I was trying to prove that every non-degenerate $2$-form cant be exact in an even dimensional smooth connected compact oriented manifold. I tried the following: Given a $2$-form $\omega$ that is exact, then it can be written as: $\omega = d \alpha$. Then:
$$ d( \alpha \wedge (d \alpha )^{n-1} ) = d \alpha \wedge (d \alpha)^{n-1} - \alpha \wedge d(( d \alpha)^{n-1})$$
this eventually leads us to $\omega^n$ but Im having a few doubts regarding these terms. In a rubish way:
$$ d \alpha \wedge (d \alpha)^{n-1}= d \alpha \wedge \frac{(d \alpha)^{n}}{d \alpha} = (d \alpha)^n = \omega^n$$
and for the second term I know that $d(d\alpha)=0$ but when trying a specific example (in $\mathbb{R}^3$):
$$ \alpha = xyz dx \longrightarrow d \alpha =\sum_{\mu=1}^3 \partial_{\mu}(xy)dx^{\mu} \wedge dx=xz dy \wedge dx + xy dz \wedge dx$$
$$ (d \alpha )^{3-1}= (xz dy \wedge dx + xy dz \wedge dx )^{3-1} \longrightarrow d ((d \alpha )^{3-1}) = ? $$
the elaboration in these calculations is confusing me. Also, does this only work for linear forms (linear in the dependence of $x$,$y$,$z$)? Any other proof would also be welcome.
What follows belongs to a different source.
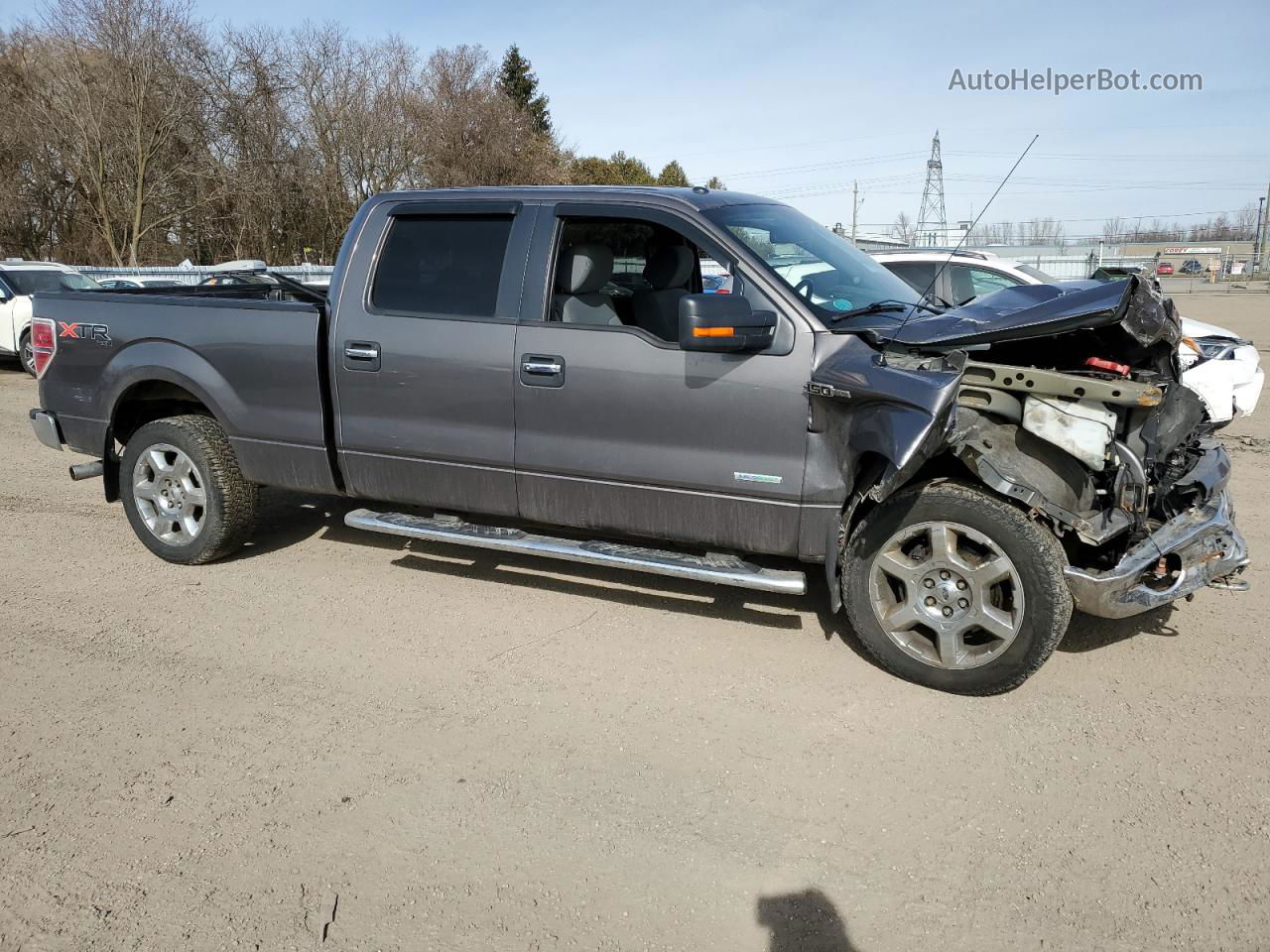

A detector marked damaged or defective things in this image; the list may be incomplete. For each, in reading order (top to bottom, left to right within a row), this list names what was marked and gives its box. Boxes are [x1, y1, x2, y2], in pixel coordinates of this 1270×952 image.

crumpled hood [848, 278, 1183, 352]
damaged front end [813, 278, 1249, 619]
Very shortly, if $\omega = {\rm d}\eta$ for some $\eta \in \Omega^1(M)$ and $M^{2n}$ is compact, then $\omega^{\wedge n}$ is a volume form. So $$0 \neq \int_M \omega^{\wedge n} = \int_M {\rm d}\eta \wedge \omega^{\wedge (n-1)} = \int_M {\rm d}(\eta \wedge \omega^{\wedge(n-1)}) = \int_{\partial M} \eta \wedge \omega^{n-1} = \int_{\varnothing} \eta \wedge \omega^{\wedge(n-1)} = 0.$$Hence we have that if $(M^{2n},\omega)$ is a compact symplectic manifold, then $H^2_{\rm dR}(M) \neq 0$. A similar argument shows that $H^{2k}_{\rm dR}(M) \neq 0$ for $1 \leq k \leq n$.